== Your instructions ==
Return the listing below unchanged, except that the pictures are dropped.
***** Exercise data *****
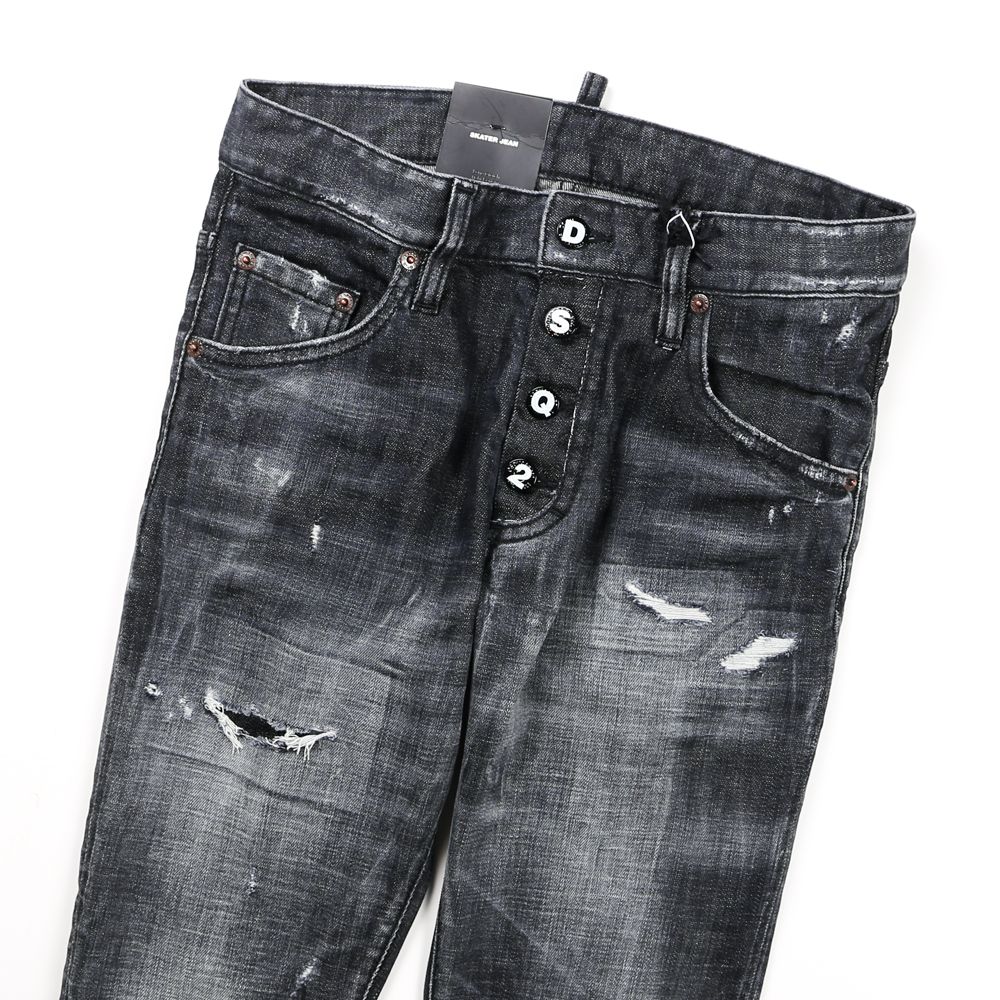 DSQUARED2 - Skater Jean / スケーター ジーンズ / S74LB0783 DSQUARED2 - Skater Jean / スケーター ジーンズ / S74LB0783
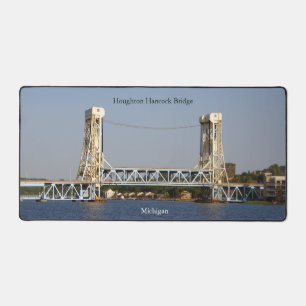 Houghton Hancock Bridge desk mat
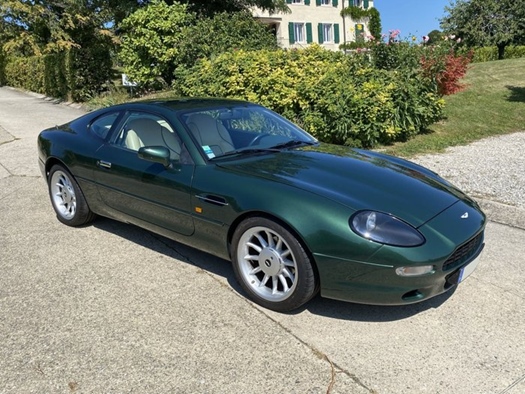 1995 Aston Martin DB7 Coupé - 50.813 Km oldtimer te koop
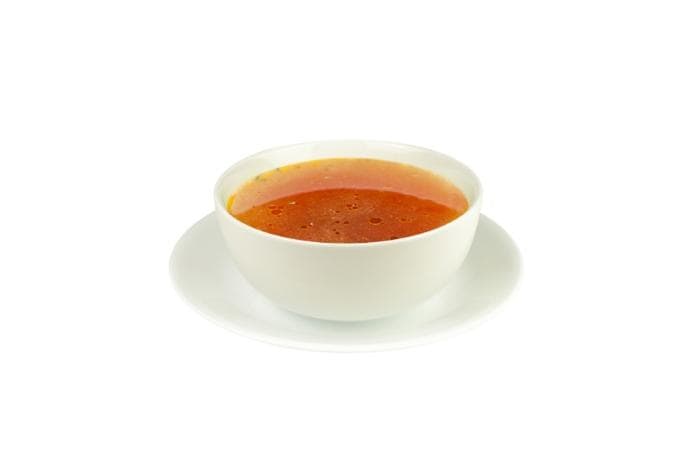 Zoutarme bouillon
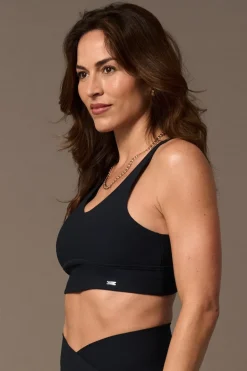 Palms Sports Bra Black<Believe Athletics Online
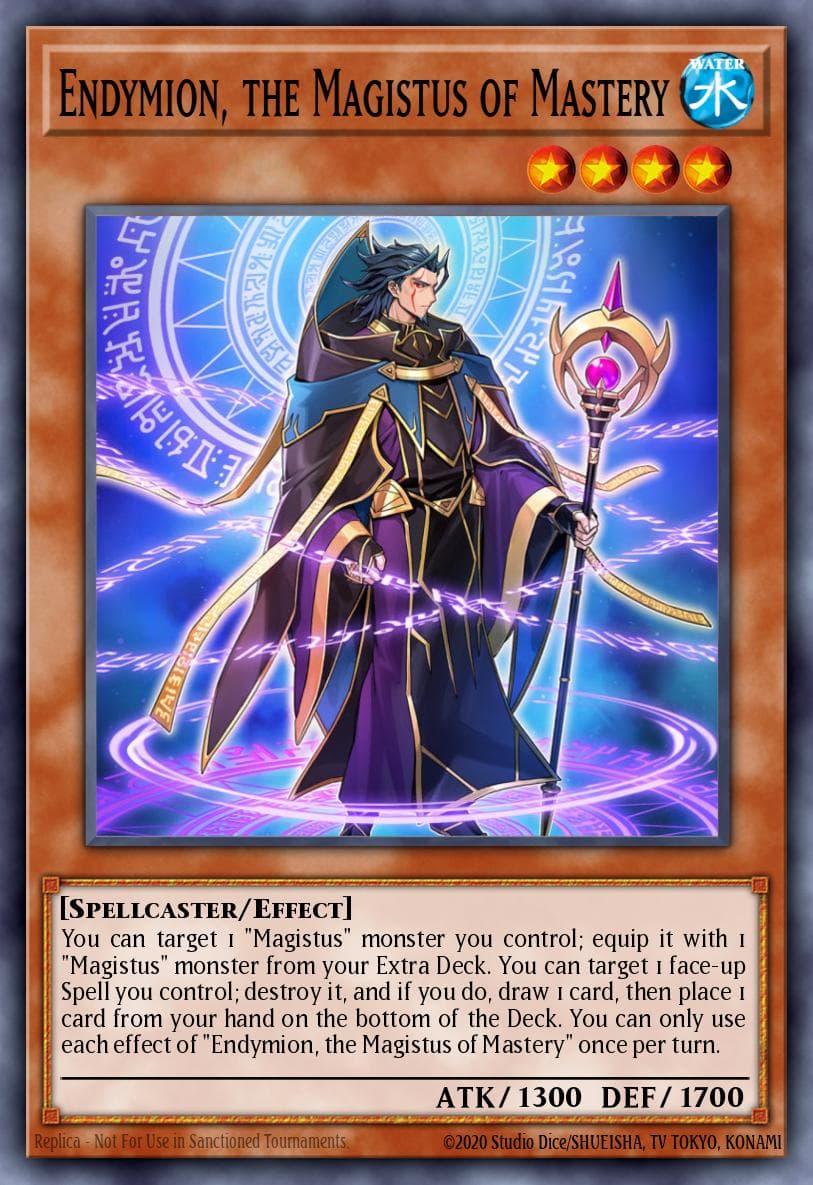 Endymion, the Magistus of Mastery #GEIM-EN004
*****
== Response below ==
 DSQUARED2 - Skater Jean / スケーター ジーンズ / S74LB0783 DSQUARED2 - Skater Jean / スケーター ジーンズ / S74LB0783
 Houghton Hancock Bridge desk mat
 1995 Aston Martin DB7 Coupé - 50.813 Km oldtimer te koop
 Zoutarme bouillon
 Palms Sports Bra Black<Believe Athletics Online
 Endymion, the Magistus of Mastery #GEIM-EN004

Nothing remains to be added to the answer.